What is expected: In your copy, each record should read exactly as it does below, and no pictures should be present.
----------
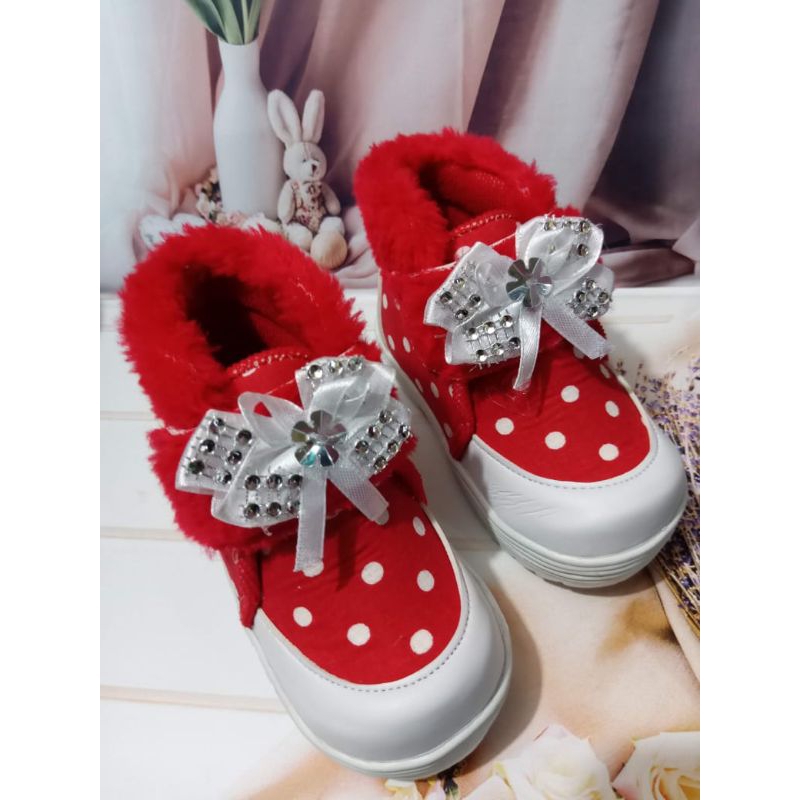sepatu anak boot perempuan/sepatu anak perempuan cantik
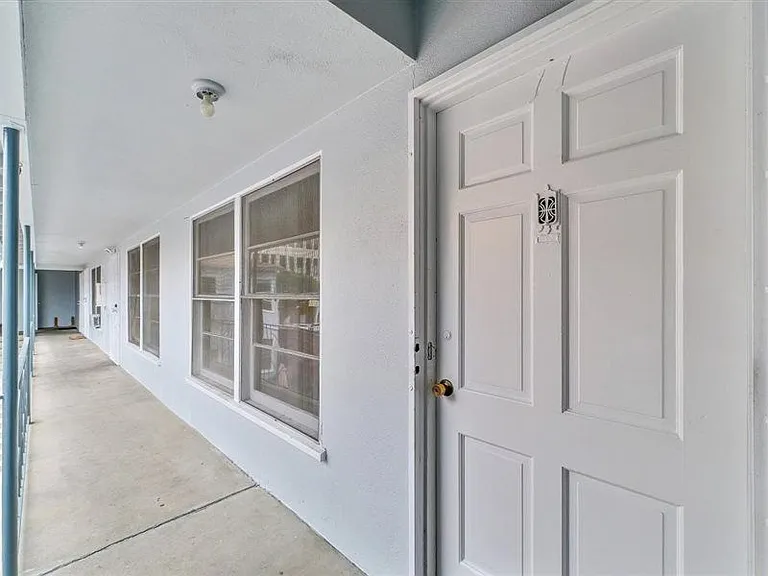 122 Elm Ave #9 — Photo 16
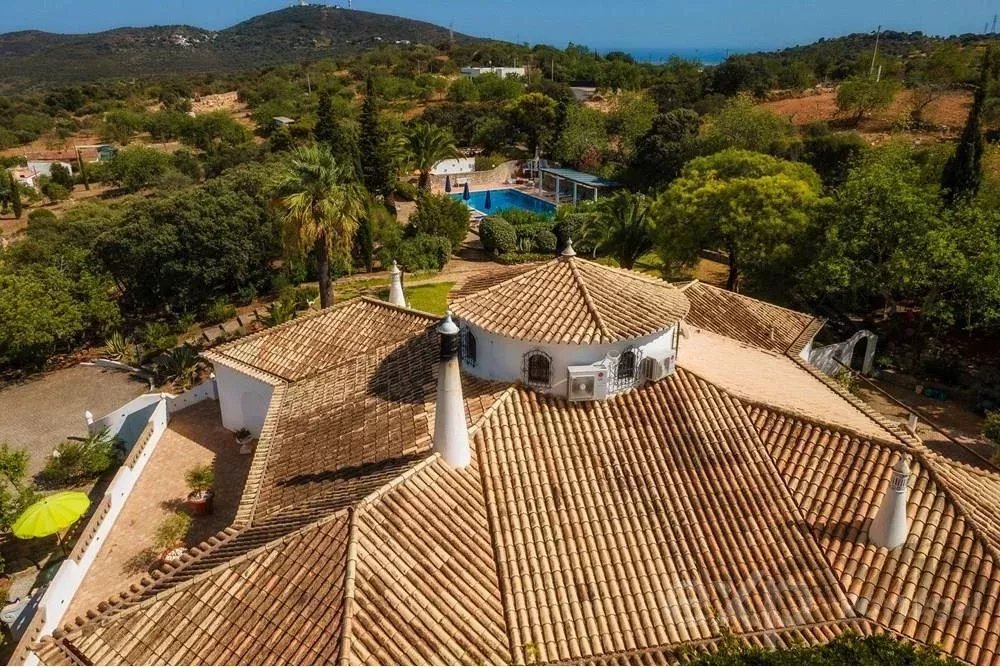 Magnificent property with pool and sea view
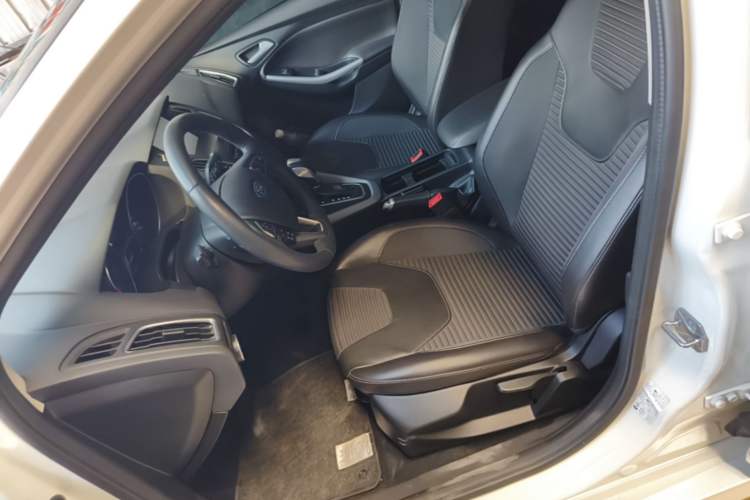 Used Ford Focus 2015 Hatchback EcoBoost 180 Automatic Sport Model Left Front Seat
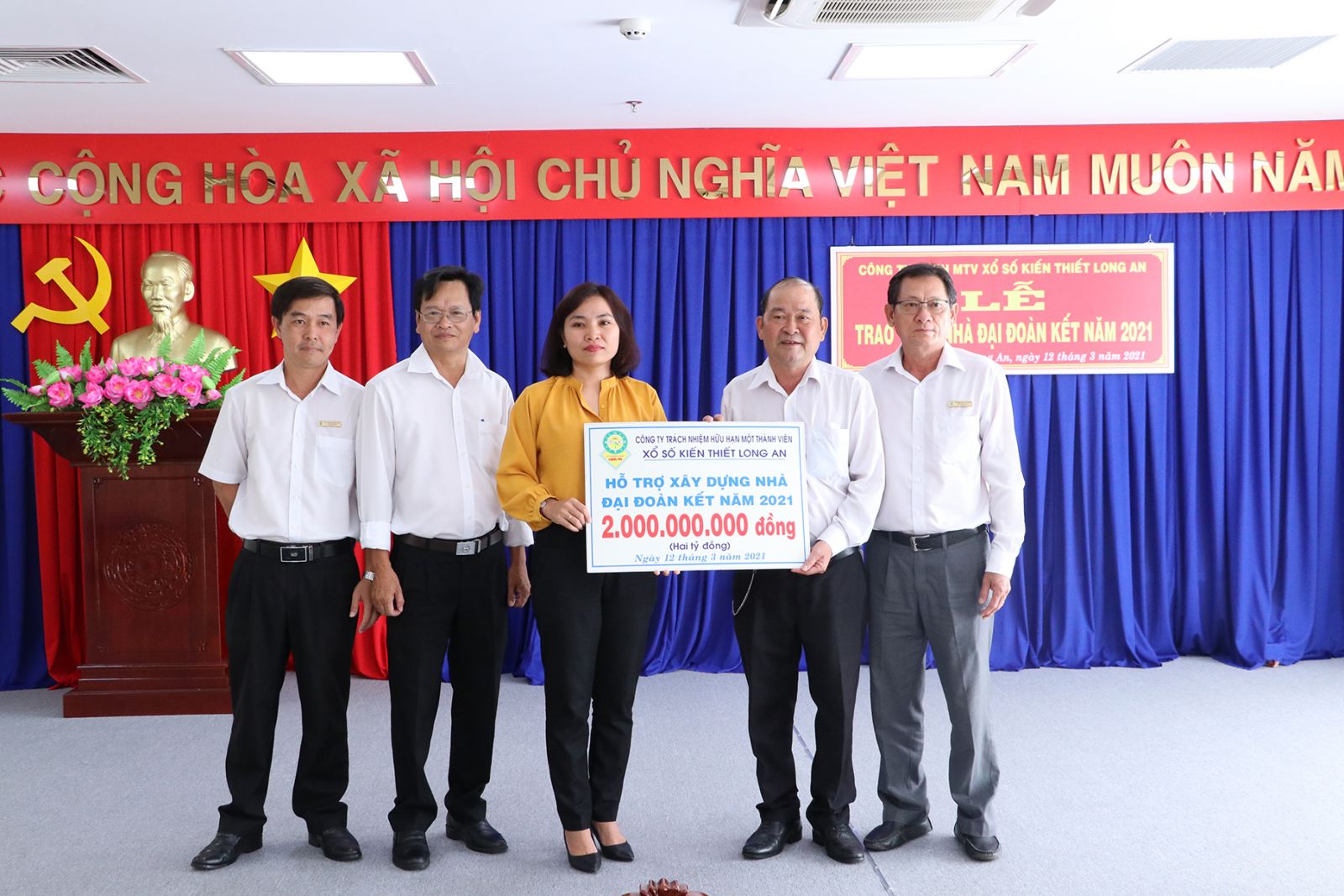 L&amp;atilde;nh đạo C&amp;ocirc;ng ty xổ số kiến thiết Long An trao bảng tượng trưng nh&amp;agrave; Đại đo&amp;agrave;n kết năm 2021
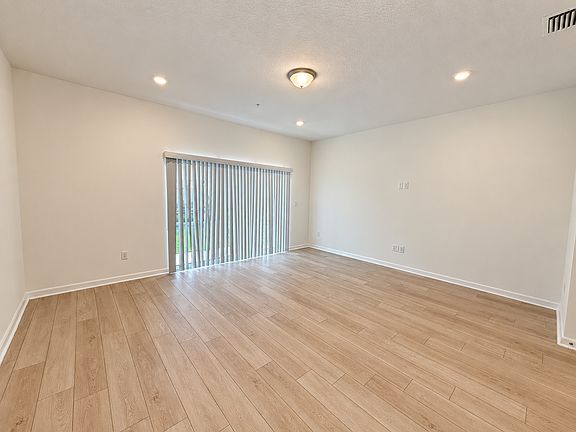 5th image of 4419 Jetty Ln NE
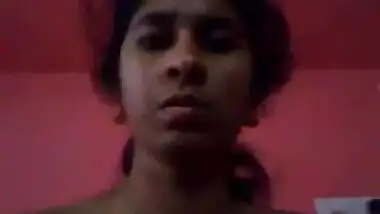 Desi Girl Record her Nude Video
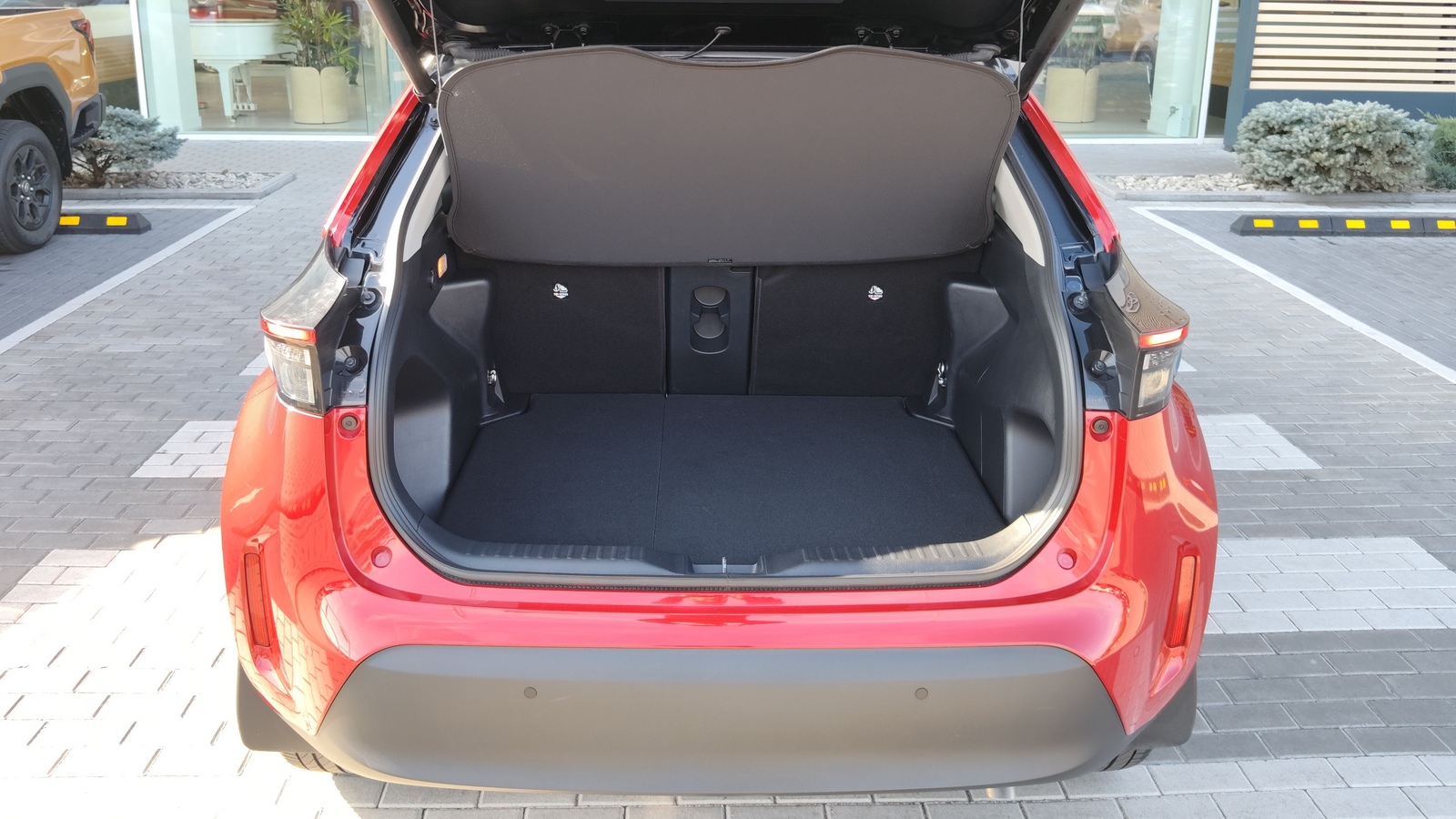 Toyota YARIS CROSS 2024 року, Хетчбек, Тойота Центр Київ "ВіДі Автострада", м.Київ | Фото № 10 Toyota YARIS CROSS 2024 року з пробігом 19315 км, Хетчбек, Тойота Центр Київ "ВіДі Автострада", м.Київ - 1289000 ГРН | Фото № 10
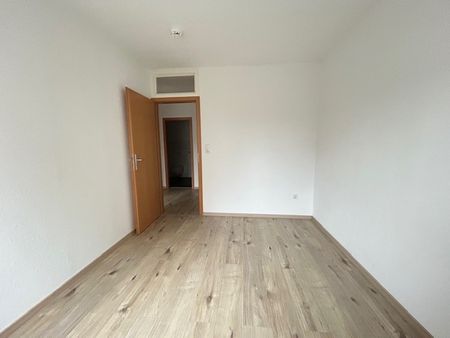 Charmante 3-Zimmer Wohnung mit offener Küche und Bad mit Wanne in Hochparterre mit Balkon - Photo 4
----------
Output:
sepatu anak boot perempuan/sepatu anak perempuan cantik
 122 Elm Ave #9 — Photo 16
 Magnificent property with pool and sea view
 Used Ford Focus 2015 Hatchback EcoBoost 180 Automatic Sport Model Left Front Seat
 L&amp;atilde;nh đạo C&amp;ocirc;ng ty xổ số kiến thiết Long An trao bảng tượng trưng nh&amp;agrave; Đại đo&amp;agrave;n kết năm 2021
 5th image of 4419 Jetty Ln NE
 Desi Girl Record her Nude Video
 Toyota YARIS CROSS 2024 року, Хетчбек, Тойота Центр Київ "ВіДі Автострада", м.Київ | Фото № 10 Toyota YARIS CROSS 2024 року з пробігом 19315 км, Хетчбек, Тойота Центр Київ "ВіДі Автострада", м.Київ - 1289000 ГРН | Фото № 10
 Charmante 3-Zimmer Wohnung mit offener Küche und Bad mit Wanne in Hochparterre mit Balkon - Photo 4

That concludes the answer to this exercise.